## Stata: Multiple Regression and Partial and Semipartial Correlations

# Multiple Regression

This post will:

- Show how to extend bivariate regression to include multiple predictor variables.
- Show how to manually create partial and semipartial correlations using residuals from a regression model.
- Show how to use the
`pcorr`

command to obtain partial and semipartial correlations.

## Multiple Predictors

We will again use the **auto** dataset.

```
sysuse auto, clear
```

Suppose we want to regress *price* on three variables — *mpg*, *weight*, and *foreign*. To add three predictors, we simply add the variables we want after the dependent variable.

```
regress price mpg weight foreign
```

This produces the following output.

## Partial and Semipartial Correlations – Manual Method

Recall that a partial correlation is the relationship between *x* and *y* once the shared variance between *x* and *x2* has been removed from *x* and once the shared variance between *y* and *x2* has been removed from *y*. A semipartial correlation is similar except that we only remove the shared variance between *x* and *x2* (i.e., *y* remains untouched).

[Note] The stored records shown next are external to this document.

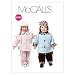 Lined Pants - McCall's Patterns M6385 Infants' Lined and Unlined Jackets, Pants and Hats, All Sizes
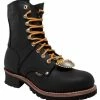 AdTec Mens 9" Logger Steel Toe Work Boot Full-Grain Leather Job Site Black 1428 -Baseball Cap Sales Shop 1428 1 58846.1667488241.1280.1280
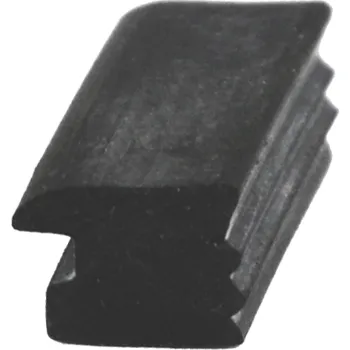 Kotevní profilové těsnění pro celoskleněné zábradlí pro sklo o tloušťce 20,76 mm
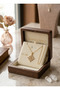 316L Steel Chain Gold Color Infinity Model Zircon Stone Necklace - 5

Note: Although I’ve only referenced *x2*, we can in principle include many control variables as our example will show.

Suppose we want to obtain the partial correlation between *price* and *mpg* controlling for *weight* and *foreign*. To do this we need the part of *price* that is independent of *weight* and *foreign*. We also need the part of *mpg* that is independent of *weight* and *foreign*. We can get this information with residuals.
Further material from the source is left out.